Community test reports rated duct-tape-2 and duct-tape-3 highly, with duct-tape-1 considered relatively lightweight.
duct-tape-3 was praised for the strongest detail work, capable of generating intricate backgrounds while preserving character art styles from reference images.

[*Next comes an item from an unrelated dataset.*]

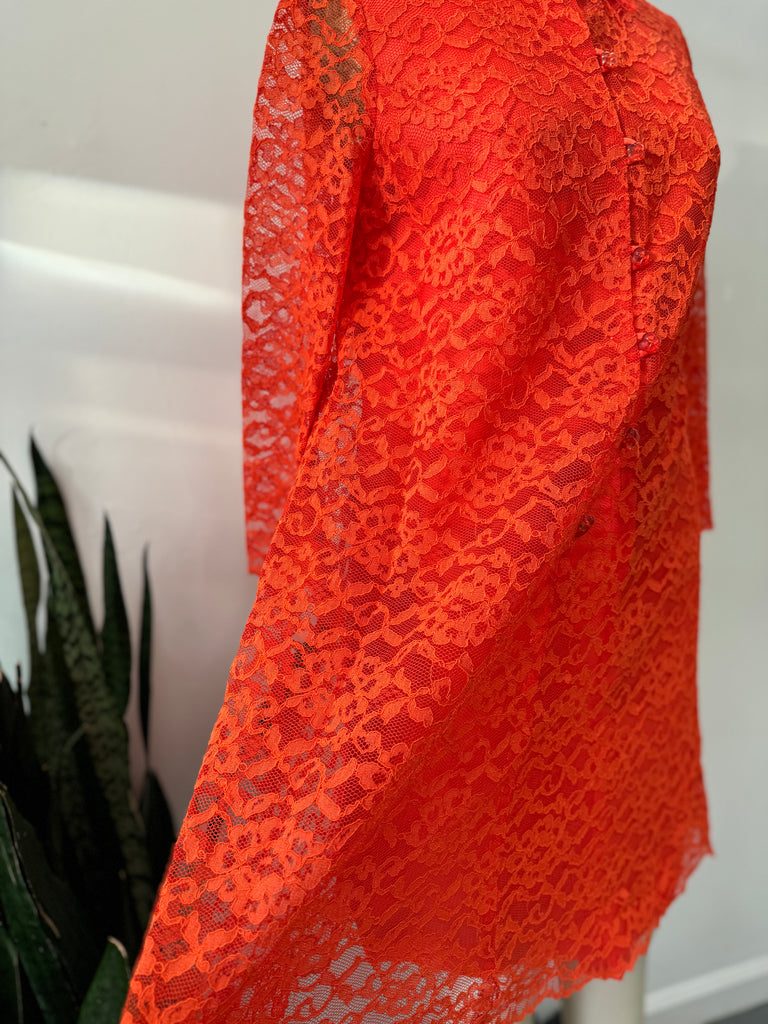 Vintage tangerine lace dress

なにこれ… OpenAIの次のモデル？らしいduct-tape-3、今までの画像生成とレベルが違う。参照画像のキャラの画風を崩さずにここまで細かい背景を作成できる。しかも遠くの看板にユーザーネームを入れられるくらいテキスト描画精度が高い。完全にNanobanaを超えてる。
— 海馬れいしょ (@visual_memory_) April 15, 2026

Japanese Text Rendering Accuracy

The duct-tape models showed significant improvement in Japanese text rendering.
In tests generating Japanese train advertisements from prompts, the accuracy of Japanese text layout and character reproduction was remarkably high.

arena aiで出現中のduct-tape（GPT-Image2だと言われてる）ちょっとすごすぎるかも。プロンプトはこれだけ「添付のキャラクターの形をしたアイスの広告、日本の電車内広告」日本語とレイアウトの再現度が高すぎる
— とらの (@TlanoAI) April 15, 2026

Rubik’s Cube Mirror Reflection Still Unsolved

In a Rubik’s Cube mirror reflection test — whether the color arrangement of a cube reflected in a mirror is physically correct — GPT-Image-2 still fails. The limits of spatial reasoning persist even across generations.

Release Timeline and Pricing Predictions

Analyst consensus expects an official release between late April and mid-May 2026.
Given the alignment with the DALL-E retirement date (May 12), that window looks likely.

API pricing is predicted at $0.15-$0.20 per image.
GPT Image 1.5’s high-fidelity mode (1024x1024) costs $0.133-$0.200, so no major price shift is expected.

The first wave was pulled within hours, but the duct-tape variants stuck around in Battle Mode a bit longer.
OpenAI is likely running intentional blind tests at this point.
Chestnut/Hazelnut went from Arena appearance to official release in a few weeks, so GPT-Image-2 likely lands around the May 12 DALL-E retirement date.